(BATTLE CREEK, Michigan) – Negotiations between Kellogg Co. and the union, which represents approximately 1,400 grain mill workers who have been on strike for more than six weeks, resume Monday.
The workers who have been on strike since October 5 are represented by the Bakery, Confectionery, Tobacco Workers and Grain Millers International Union (BCTGM). Talks between union leaders and Kellogg’s broke down in early November after the two sides failed to reach an agreement and further negotiations were put on hold for weeks prior to Monday’s meeting.
The ongoing strike affects Kellogg’s plants in four states and comes amid a barrage of work stoppages hitting the private sector in the U.S. Jobs have been linked to new hiring activism in recent weeks.
“We look forward to coming back to the table and are determined to negotiate in good faith,” Kellogg’s said in an update on Friday. “We continue to hope that we can reach an agreement soon so that our employees can get back to work and their lives.”
The union turned down a proposal from Kellogg’s on November 4th, saying in a statement that “the company’s last, best and final offer does not achieve what our members ask for; a predictable path to permanent, performance-oriented employment for all employees without concessions. “
“The company came to the table and insisted that an agreement will only be reached if the union adopts the company’s proposal exactly as it was written,” said the union’s statement. “The company’s proposal was filled with terms and conditions that were acceptable to Kellogg’s.

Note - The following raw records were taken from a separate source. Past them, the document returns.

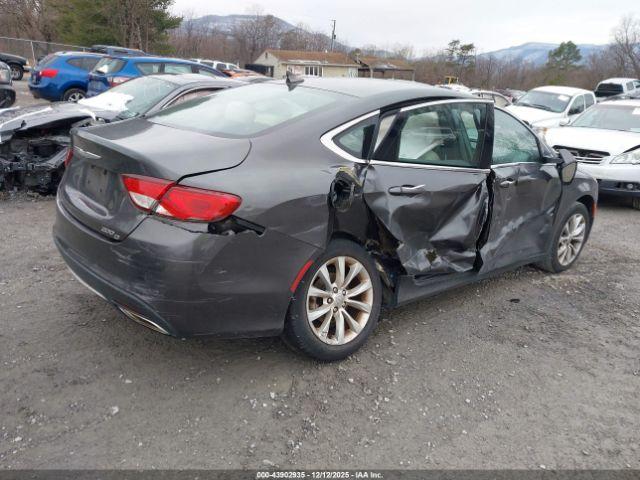 Chrysler 200 C Image 9
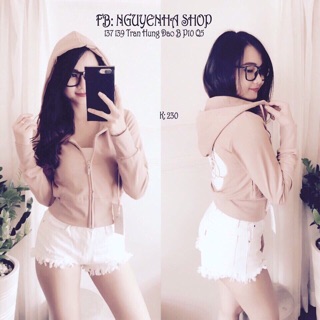 Áo khoác lửng bo eo hoa hồng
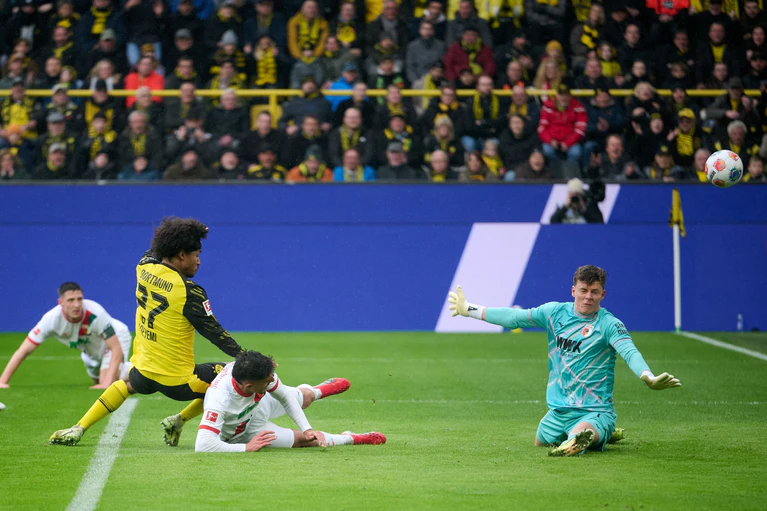 Karim Adeyemi ließ die Dortmunder Fans früh jubeln. — © Bernd Thissen/dpa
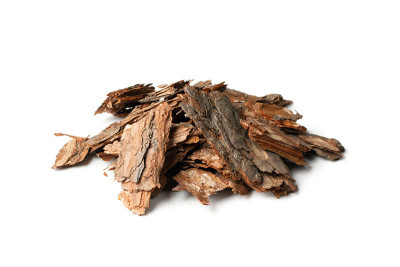 分离的松树皮屑堆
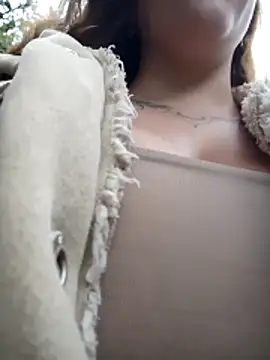 ISABELLA-01  online show from February 15, 2026, 9:33 pm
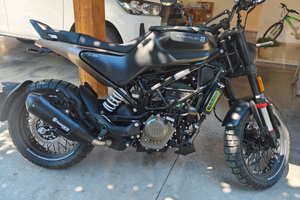 Husqvarna Svartpilen 125 - 200km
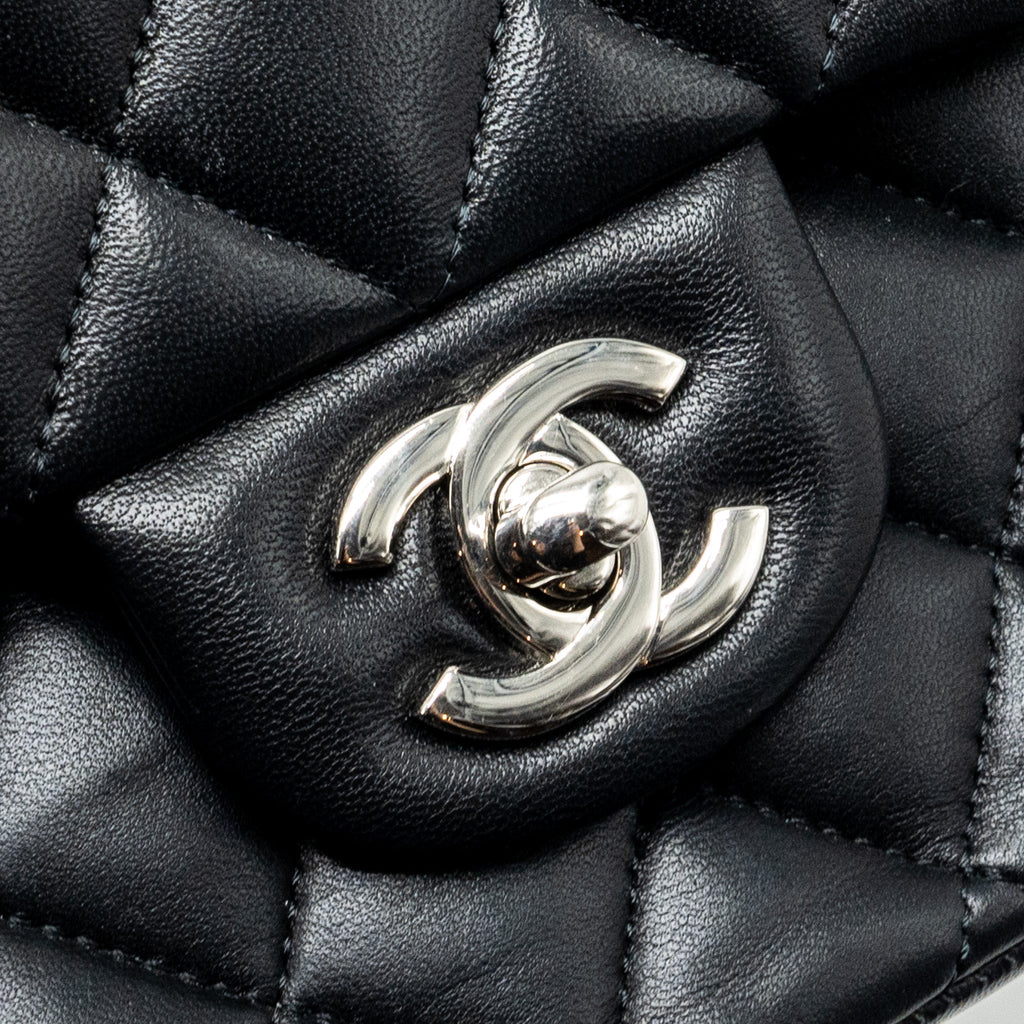 Chanel Medium Classic Double Flap Bag Lambskin Black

These general terms and conditions are not acceptable to our members. “
After the union rejected the proposal, Kellogg said it would continue operations at the four plants where workers with hourly, salary and “third party funds that produce food” are on strike.
“The bottom line is that our proposals respond to what the union has told us as its main concern,” said Ken Hurley, director of industrial relations at Kellogg, in a statement. “The union doesn’t seem interested in revising its proposals or looking for creative solutions to problems.”
The union and Kellogg’s did not immediately respond to ABC News’ requests for further comments.
The striking workers in Michigan, Nebraska, Pennsylvania and Tennessee are helping produce Kellogg grains such as rice krispies, raisin bran, fruit loops, corn flakes and frosted flakes, according to the union.
A separate strike at farm equipment giant John Deere only ended last week after fighting for over a month. The new agreement gave John Deere employees, among other things, a signing bonus of $ 8,500 and a 20 percent wage increase during the contract period.